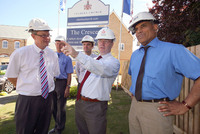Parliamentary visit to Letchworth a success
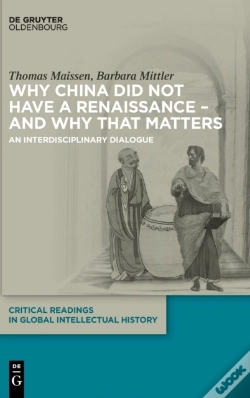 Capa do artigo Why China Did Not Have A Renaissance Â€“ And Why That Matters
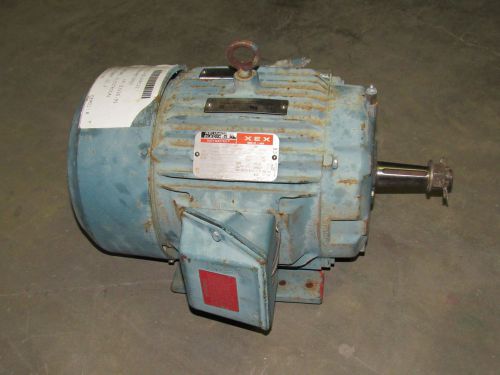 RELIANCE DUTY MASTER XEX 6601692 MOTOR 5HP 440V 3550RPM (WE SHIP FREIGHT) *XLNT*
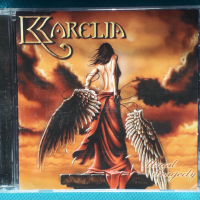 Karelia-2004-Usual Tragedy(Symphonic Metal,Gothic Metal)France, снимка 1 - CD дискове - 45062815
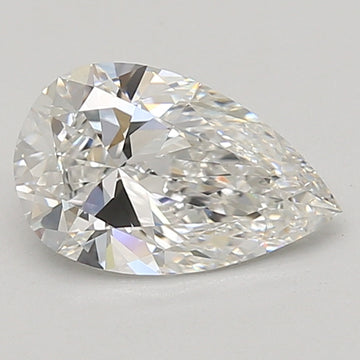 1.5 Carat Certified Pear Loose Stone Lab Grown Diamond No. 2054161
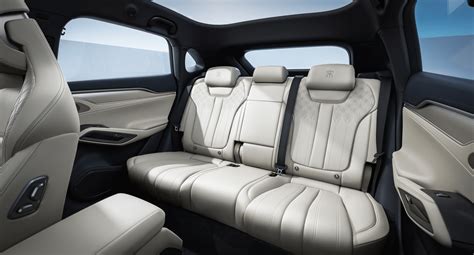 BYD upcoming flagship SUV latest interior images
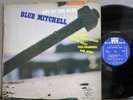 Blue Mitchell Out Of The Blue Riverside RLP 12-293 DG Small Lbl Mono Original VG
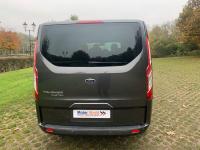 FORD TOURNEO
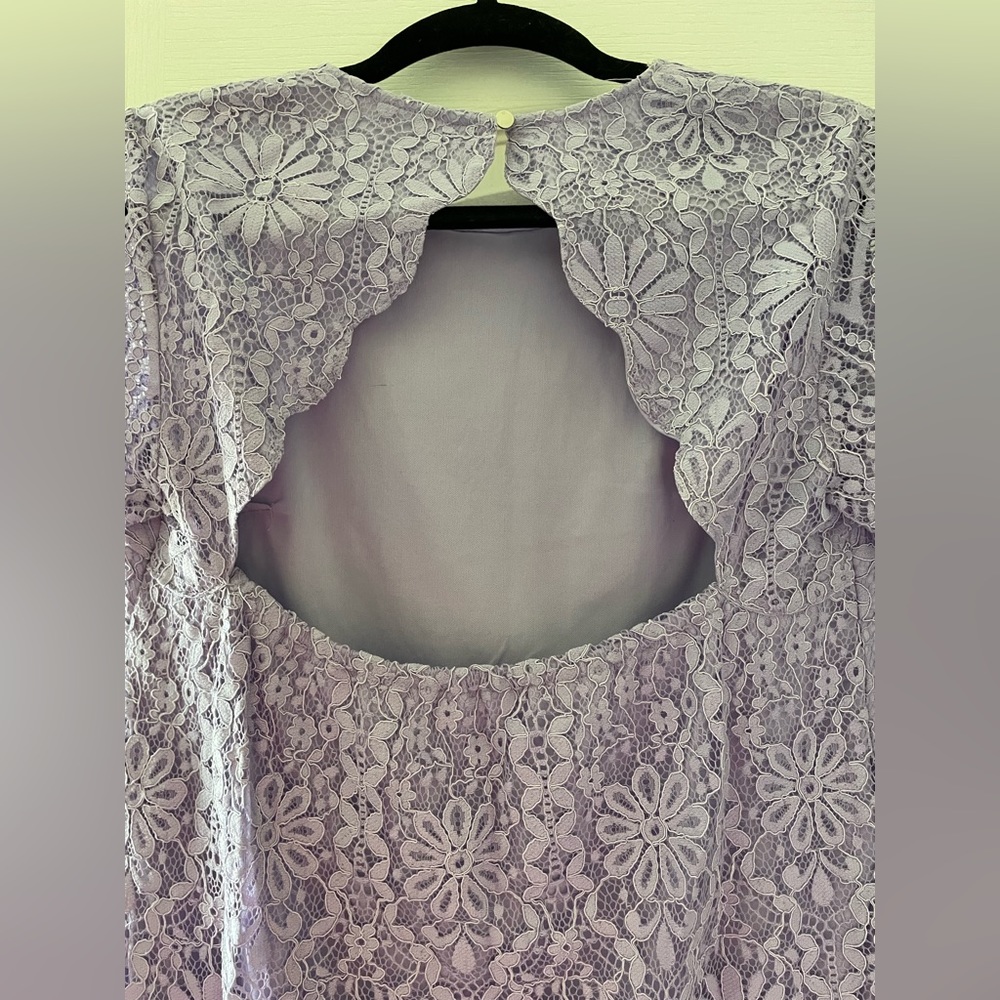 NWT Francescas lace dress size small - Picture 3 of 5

==

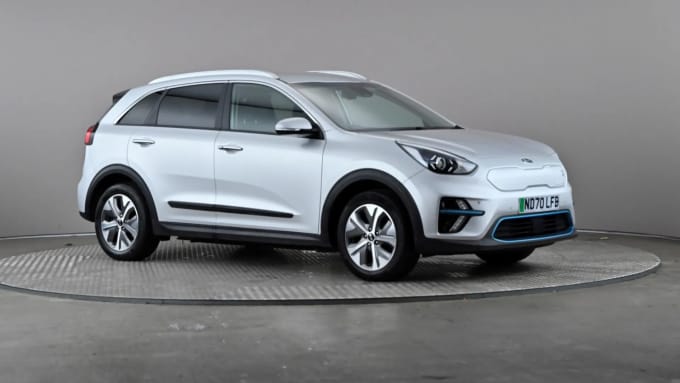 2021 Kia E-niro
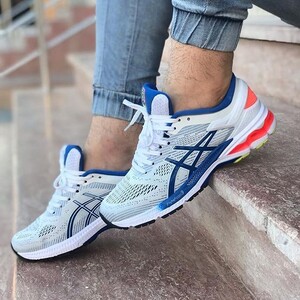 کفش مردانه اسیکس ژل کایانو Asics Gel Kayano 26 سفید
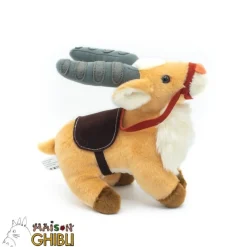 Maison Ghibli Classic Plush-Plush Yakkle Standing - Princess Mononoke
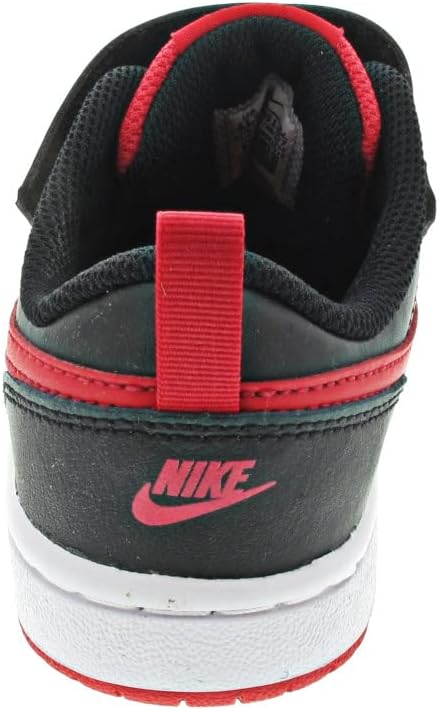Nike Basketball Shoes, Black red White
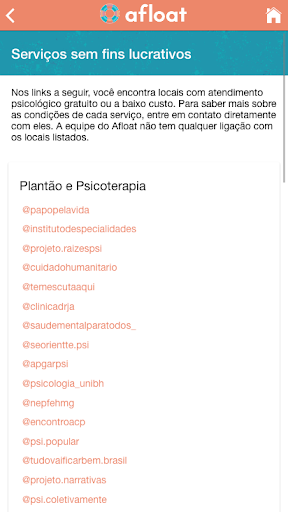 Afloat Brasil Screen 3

* * *

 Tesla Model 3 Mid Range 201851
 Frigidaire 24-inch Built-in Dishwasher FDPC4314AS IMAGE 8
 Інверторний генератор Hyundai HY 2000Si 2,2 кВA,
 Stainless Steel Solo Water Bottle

# [Assignment]
The material above holds pictures; leave them out. Repeat exactly the lines from the one containing "Maison Ghibli Classic" through the one containing "Afloat Brasil Screen 3", and nothing else.

# [Answer to this problem]
 Maison Ghibli Classic Plush-Plush Yakkle Standing - Princess Mononoke
Nike Basketball Shoes, Black red White
 Afloat Brasil Screen 3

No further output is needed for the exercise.